First, there’s the SPAC sponsor. The reasons sponsors pony up money to pay the banks to help IPO their SPAC is because they receive shares of the company for free if they successfully acquire a company (usually 20% issuance). They receive nothing if there is no deal, so they have a huge incentive to get a deal done, even if it’s not accretive to investors. The sponsor’s ACB on their potential shares is $0. SPAC sponsors are unquestionably a winner here, as long as they get a deal done.
Investment banks are basically always the winner of IPO’s and M&A’s so no need to go into detail. They always win.
Hedge funds, as we’ve seen, are massive winners here. They do have to put up capital to get an allocation of SPACs at IPO or buy them in the open market at a discount. That said, this capital is not really at risk. The only real risk is if the hedge fund is a forced seller due to too much leverage and too little liquidity in the market. Other than that, this is a pretty great trade. Hedge funds are a huge winner here.
Investors in SPACs have not faired so well. While there are exceptions, if history is a guide, SPACs are an absolutely terrible investment. Research from Harvard published late-2020 show that the 12 month return for a SPAC post-acquisition is a mean of -34.9% and a median of -65.3%! This honestly makes sense when you think about the incentives: SPAC sponsors just want to get a deal done, even if the pay double what the company is worth, as they only get paid if a deal is done. They basically have a call option on 20% of the outstanding shares with a strike price of $0, contingent on them getting a deal done. Why wouldn’t they overpay!?
The last party is the private company and this one is the most complicated. There are great reasons for companies to choose to go public with a SPAC (certainty of price, speed, explicit banking fees, etc.). The big issue with going public via a SPAC is the dilution of shares (because of sponsor issuance and potential exercising of warrants). This cost is not as tangible or as certain as explicit banking fees, but recent research show that these costs could be quite high. The same research paper I referenced above estimates that total SPAC fees (including dilution) were a median of 14.1%, with 25th percentile being 10% and 75th percentile being 21%. That’s a lot, but perhaps the companies believe it’s worth it given the benefits mentioned above. Or maybe they just don’t do the math.
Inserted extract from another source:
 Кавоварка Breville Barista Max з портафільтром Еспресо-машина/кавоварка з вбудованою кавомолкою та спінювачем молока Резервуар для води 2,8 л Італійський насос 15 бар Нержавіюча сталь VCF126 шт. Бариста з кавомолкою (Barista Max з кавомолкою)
There are some key risks that we are watching which could affect the appeal of the SPAC arb trade. They include increasing competition, evolution of SPAC terms, SPAC prices, SPAC redemption, and others. As mentioned, prices of SPACs in the secondary market are a little higher than usual right now, so many SPAC arb managers are lowering leverage in response.
Regardless, it doesn’t appear that SPACs are going anywhere anytime soon, which leaves lots of opportunities for those with access and expertise.